(Scraped caption text data)
------------

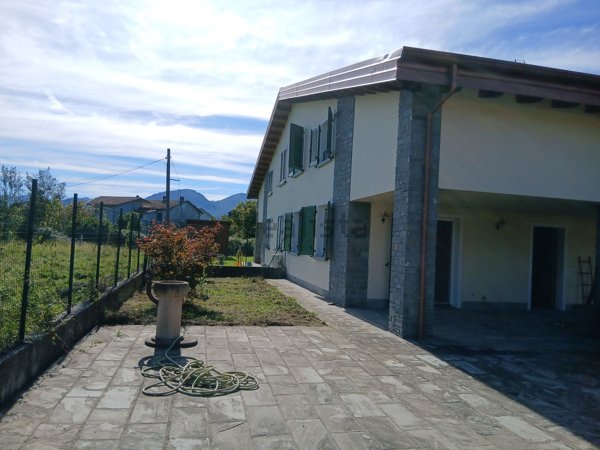 casa indipendente in vendita a Licciana Nardi in zona Terrarossa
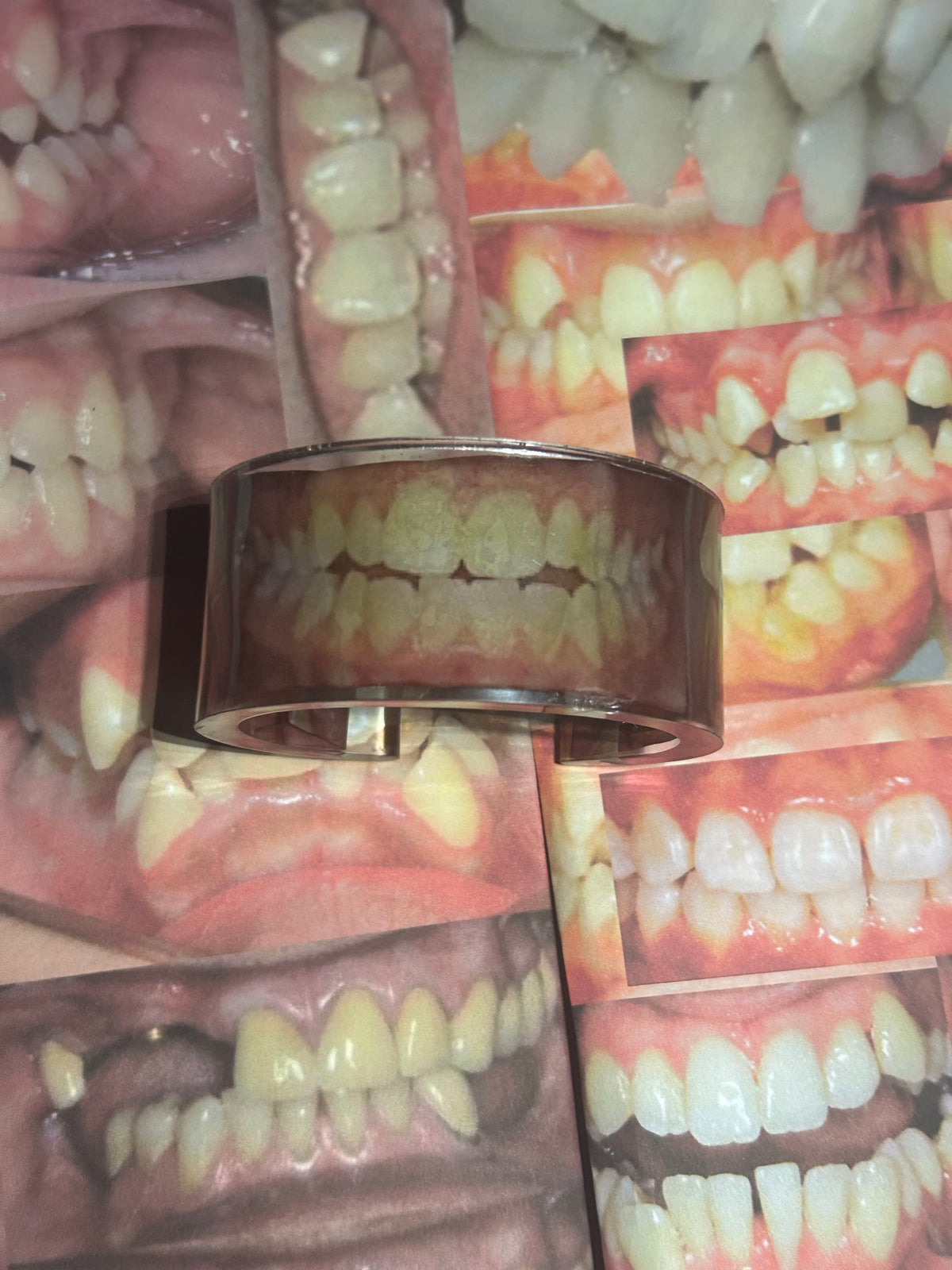 Teeth bangle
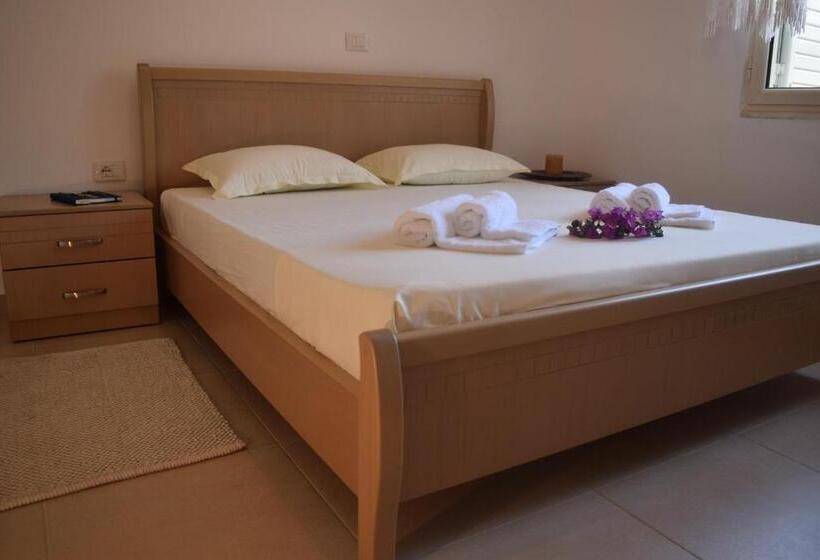 1 Sovrums Lägenhet Trädgårdutsikt, Belvedere Adriatica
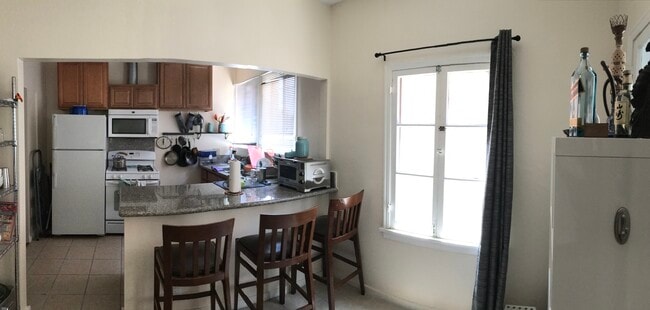 Photo - 1030 S Cochran Ave Unit 2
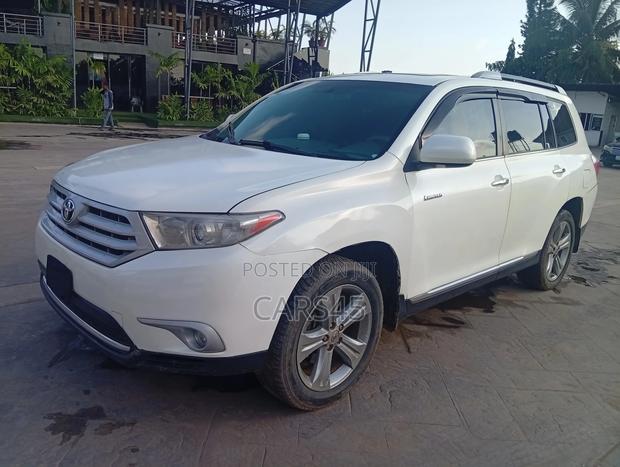 Toyota Highlander 2011 White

------------

■ THE PROBLEM: Now reproduce all of the entries precisely, with no pictures in the copy.

■ ANSWER TO THIS TASK:
 casa indipendente in vendita a Licciana Nardi in zona Terrarossa
 Teeth bangle
 1 Sovrums Lägenhet Trädgårdutsikt, Belvedere Adriatica
 Photo - 1030 S Cochran Ave Unit 2
 Toyota Highlander 2011 White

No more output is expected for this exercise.